You might ask, ‘Why do the HEAT play so aggressively when it leaves them so vulnerable?’ It’s a risk-reward proposition. The more conservative you are, the fewer turnovers you’re likely to force. You have to have a lot of faith in your backline rotations to send two players to the ball, but the more you muck up the simple actions a team is trying to run, the more chaos you induce.
Sometimes, as in the animation above, you’ll get the turnover off a broad, sweeping rotation like Haslem’s. At others, making an uncomplicated pass just a little more complicated is enough to keep an offense out of sync.
The HEAT amassed 16 Pacer turnovers and 10 steals, including three during a 20-4 scoring stretch in the first half of the third quarter, improving their record to 91-21 since 2010-11 when collecting at least 10 steals. Turnovers are currency in Miami’s world, and they were collecting quite the return on their investment.
“Our defense was on point with the deflections, the pressure, [the] rotations,” Erik Spoelstra said. “They were beating us to the punch on a lot of those opportunities. In the second half we just continued with that pressure and finally broke it open and you never know when that happens, if there is a residual of that work and that pressure. It was about as consistent to our identity as we’ve had in a while for 48 minutes.”

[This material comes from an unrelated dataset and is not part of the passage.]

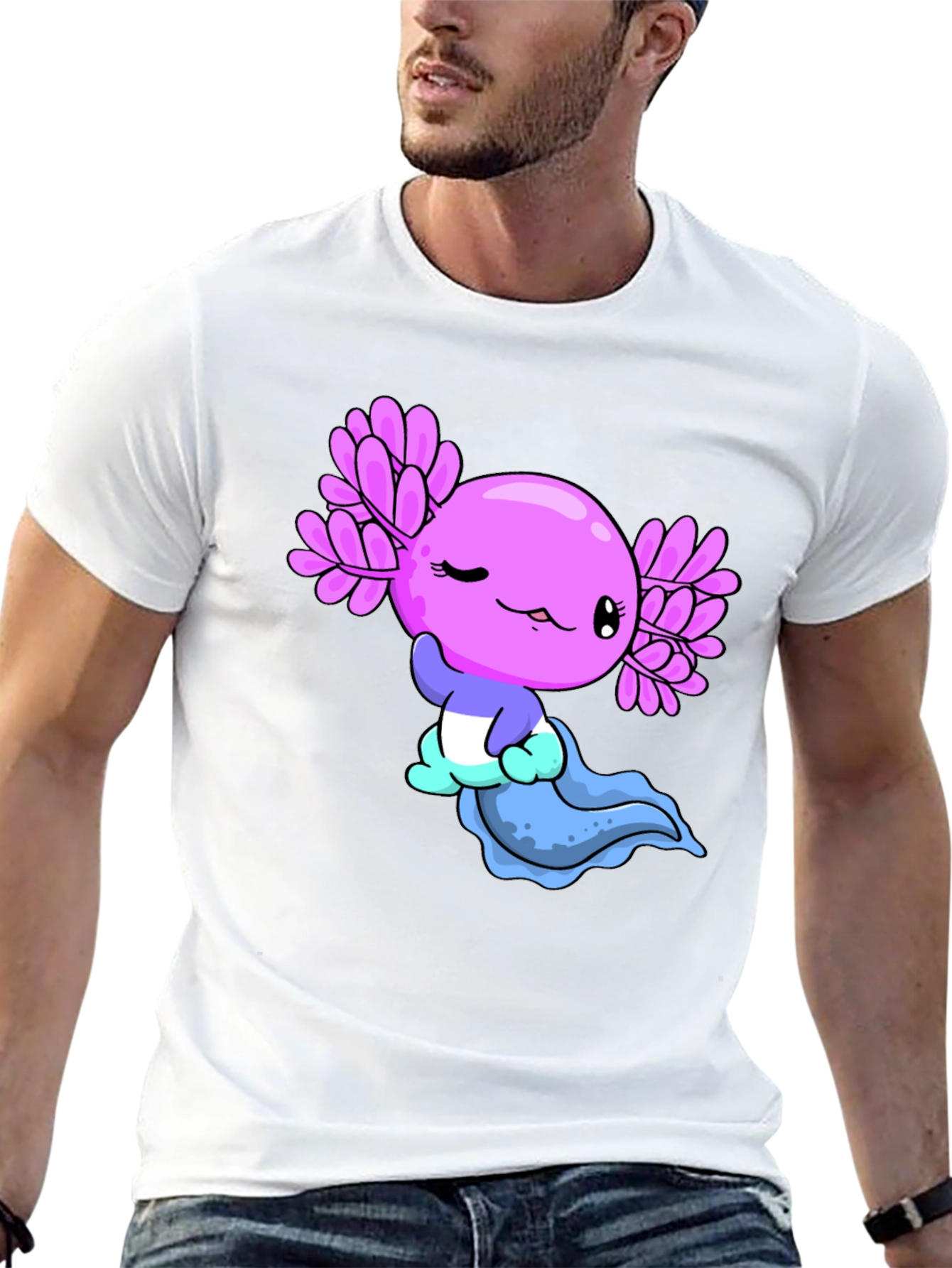 Black Axolotl Graphic Tee - Kawaii Design view 13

Of equal importance was that Hibbert, for a time, was taken out of the game entirely. Hibbert didn’t get his first shot until the third quarter, and when he did shoot he was taking turnaround jump-hooks from the outskirts of the paint. They were shots that Hibbert has made before, but with Haslem increasing the discomfort, they were shots the HEAT will take their chances with.
“Today we were able to stay between him and the basket and make his catches in the paint tough,” Chris Bosh said of Hibbert. “Play good five man defense and make him finish over the top.”

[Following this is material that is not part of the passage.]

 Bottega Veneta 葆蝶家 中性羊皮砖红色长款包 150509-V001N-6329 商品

According to SportVU tracking data, Hibbert is usually in possession of the ball for about 60 seconds a game. That might not seem like much, but when you consider that his role is typically to catch and finish in the paint, 60 seconds is more than enough to do significant damage. Friday, Hibbert only touched the ball for 52 seconds, as he took just seven shots and had one rebound. On March 26, when Hibbert did so much damage in the first quarter, Hibbert possessed the ball for 78 seconds.
While we acknowledge that the HEAT weren’t exactly running their full offensive packages in these final days of the regular season, it’s only fair to say that the Pacers might have been holding back as well. Frank Vogel may have a heretofore unseen strategy to unveil should these teams meet in the Eastern Conference Finals, but strategy wasn’t what hurt the Pacers in this loss. It was the plays we take for granted. Some turnovers were the byproduct of Miami’s pressure. Some just weren’t good passes.
There’s something to be said for the HEAT’s defense wearing on a team over the course of a game, forcing them into unforced mistakes. And certainly, the Pacers have a history of turnovers in the context of this matchup. But you can’t count of a team to always make its own mistakes. At some point, the Pacers will be better. Spoelstra wants his team to control what it can control. Control the process.
That process was good enough Friday, but it will have to be better. And soon.
When asked how close their defense was to playoff levels, Bosh held up his index finger and thumb, about an inch apart.
“Little close,” Bosh said. “It amazes me, how when we watch regular season and then the playoffs, how much more intense and how much faster guys are. You can’t synthesize that kind of energy. It just happens, you feel it. When the playoffs come, it just turns into a different beast.”
The HEAT have had enough reminders games this season. The evidence is on the table. The playoffs can’t come soon enough.